Il linguaggio che non sappiamo ancora usare, di Paolo Di Stefano
Diciamo la verità. Il (giusto) risalto dato dai giornali, dalle televisioni e dal web alla Giornata mondiale contro la violenza sulle donne, che si è celebrata ieri con manifestazioni ovunque, non è riuscito a dissipare un vago senso di ipocrisia. Il messaggio era chiaro e nobilissimo: è infame che un numero enorme di donne, giovani o adulte, italiane o straniere, vengano uccise, torturate, malmenate dagli uomini, spesso compagni, mariti, fidanzati, amanti, ex amanti respinti, padri, fratelli.
«Femminicidio» è la parola coniata per definire un crimine diffusissimo che un tempo non aveva neanche un nome (un vocabolo talmente nuovo che ancora oggi viene segnalato da Word con una sottolineatura rossa). Dunque, perché ipocrisia? Perché passato il 25 novembre, la cultura e le parole che esprimono le violenze perpetrate dagli uomini sulle donne rimarranno quelle di sempre.
L'omicidio di una bella ragazza (il filo rosso Chiara Poggi, Sarah Scazzi, Yara Gambirasio, Melania Rea…) finisce per attivare una curiosità a dir poco morbosa: meglio se della vittima si reperiscono immagini ammiccanti, trascorsi «nebulosi», comportamenti socialmente non «irreprensibili».
Diventano casi ad alto tasso di notiziabilità, riempiti di particolari «succulenti» che vengono considerati non indispensabili per altri crimini comuni. I moventi sessuali a cui vengono ricondotti e che certo esistono si colorano di innumerevoli connotazioni spiattellate al lettore con malcelato compiacimento. Diciamo la verità. Anche quando cresce l'indignazione, il racconto e le parole sono sempre quelli: nel cliché della donna oggetto quasi passivo della violenza la sottolineatura estetica non manca mai (si spreca l'aggettivo «bella»: un'aggravante o un'attenuante?). La relazione è sempre lui-lei, mai lei-lui. Il protagonista è sempre il maschio, che conduce i fili della relazione e li taglia brutalmente se necessario. Il verbo al passivo ne è una spia: è lei che viene violentata, raramente è lui che violenta. Diciamo la verità, l'uomo rimane padrone anche nelle nostre parole.
Quanto peso avrebbero avuto le tragedie di Chiara, Sarah, Yara, Melania se le vittime si fossero chiamate Pietro, Marco, Mario, Giovanni? Avremmo mai indugiato tanto sui loro indumenti intimi?

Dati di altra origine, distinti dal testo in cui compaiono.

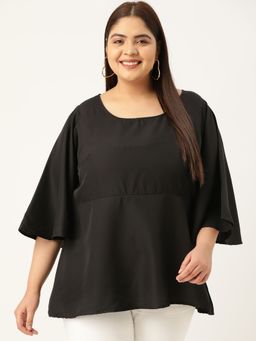 theRebelinme - Plus Size Women Black Solid Color Longline Top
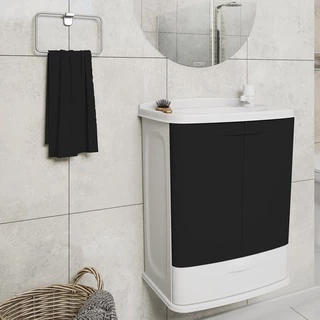 Gabinete plastico com lavatorio Astra 45,5cmx32cmx58,8cm branco com porta preta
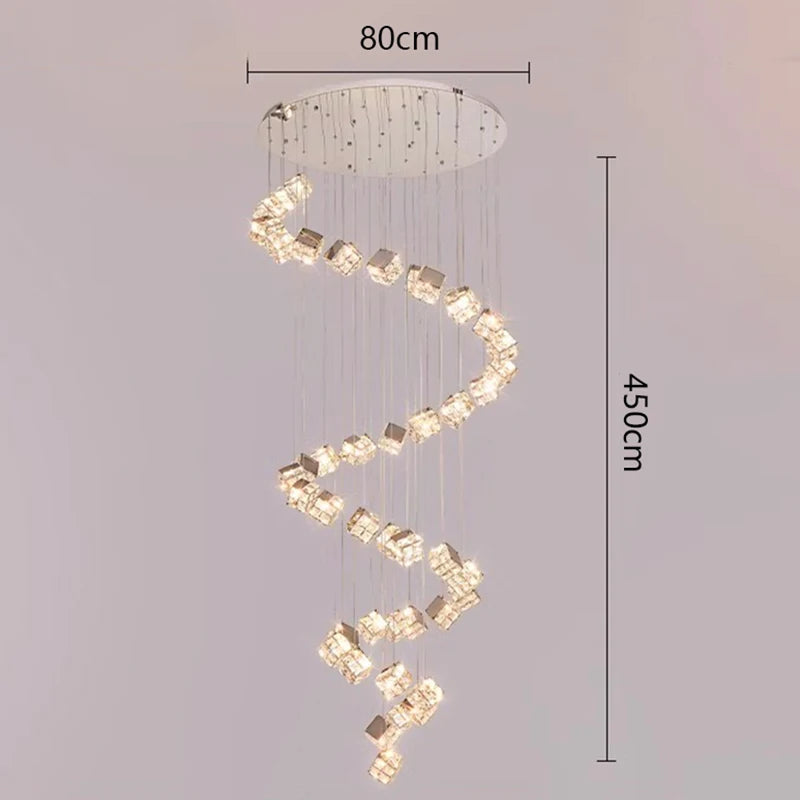 Modern home decoration crystal chandelier, stair Pendant lamp, living room Pendant lights, interior lighting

Il femminicidio è purtroppo (purtroppo), per le regole del giornalismo, l'equivalente del cane che morde l'uomo (o la donna), ma viene trattato come se fosse l'eccezione, l'uomo (o la donna) che morde il cane. Si dirà: meglio così, il rilievo contribuisce ad accrescere la sensibilità dell'opinione pubblica. Giustissimo. Ma non è esattamente questa l'intenzione, diciamo la verità. Non si tratta affatto di ridurre lo spazio dedicato a simili orrori, si tratta semmai di cambiare le parole usurate che li raccontano e le immagini che li rappresentano, si tratta di sovvertire gli stereotipi che purtroppo provengono da una società ancora arretrata e da una cultura ancora maschilista nel profondo. Le cui spie semiologiche — diciamo la verità — emergono con enfasi nei resoconti noir, ma affiorano nella quotidianità della comunicazione diffusa, rosa o bianca che sia. E forse, per superare l'ipocrisia, sarebbe utile partire da lì.